Insert The Little Mermaid reference here.
So I took acting classes and did theater camps. I helped local community theaters on their work days, and I started following actors, composers, and playwrights. Where before I had only seen the finished product--the play unfolding on stage--I started to see all of the bits and pieces that go in to creating the spectacle in front of me.
It's hard to explain to someone who's never been back stage at a performance the (sometimes barely) controlled chaos that's required to keep a show moving. It's a little like watching a duck swim from underneath. It slides smoothly across the surface, but below is a bunch of unattractive though necessary flailing. Now and then, though, there's the opportunity for people outside the theater community to get a glimpse at what it's like.

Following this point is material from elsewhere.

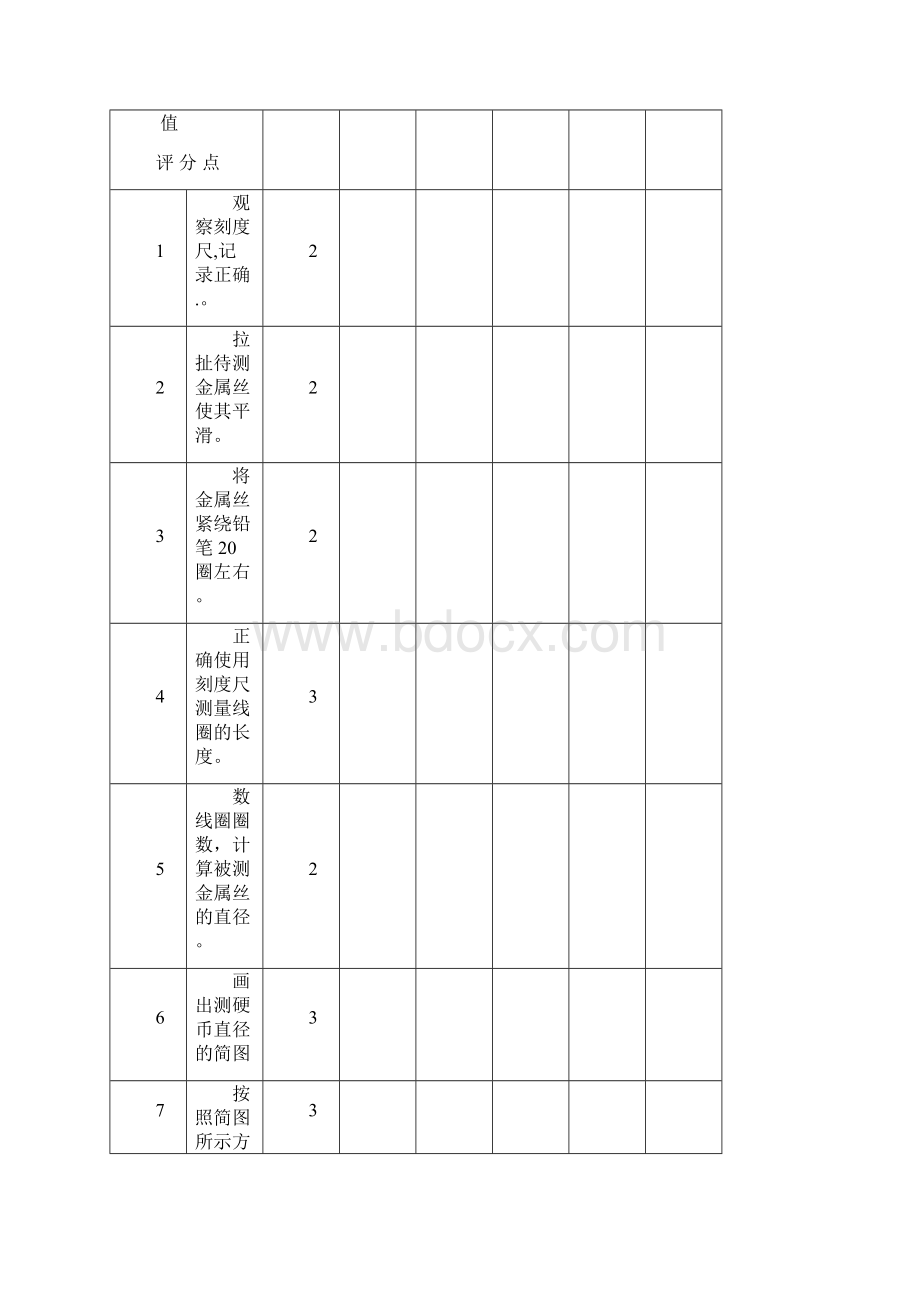 初二物理学生实验操作考查试题.docx_第2页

The Tony's are always great for this. Last year, especially.
This opportunity to look behind the curtain has changed the way that I look at performances--which is a good thing and a bad one, depending on the day. I'm able to appreciate a well crafted illusion. I'm also more likely to notice when things go wrong or don't work. Someone who's not familiar with how a particular change is supposed to go won't notice if, for instance, a piece of costume is missing or a prop doesn't make it to where its supposed to be or if the people responsible for the effect don't know how to accomplish it properly.
I am occasionally (often) a pain to watch plays, television, and movies with precisely because I notice the little hiccups. The kind of stuff that folks generally are able to overlook. I'll be the one to point out that a change in the lighting was off or that someone wasn't where they were supposed to be. And comments like these are almost always met with the suggestion that I just ignore the flaws and try to enjoy whatever I'm watching.
But that's not easy. It's hard to ignore the strings once you've seen them.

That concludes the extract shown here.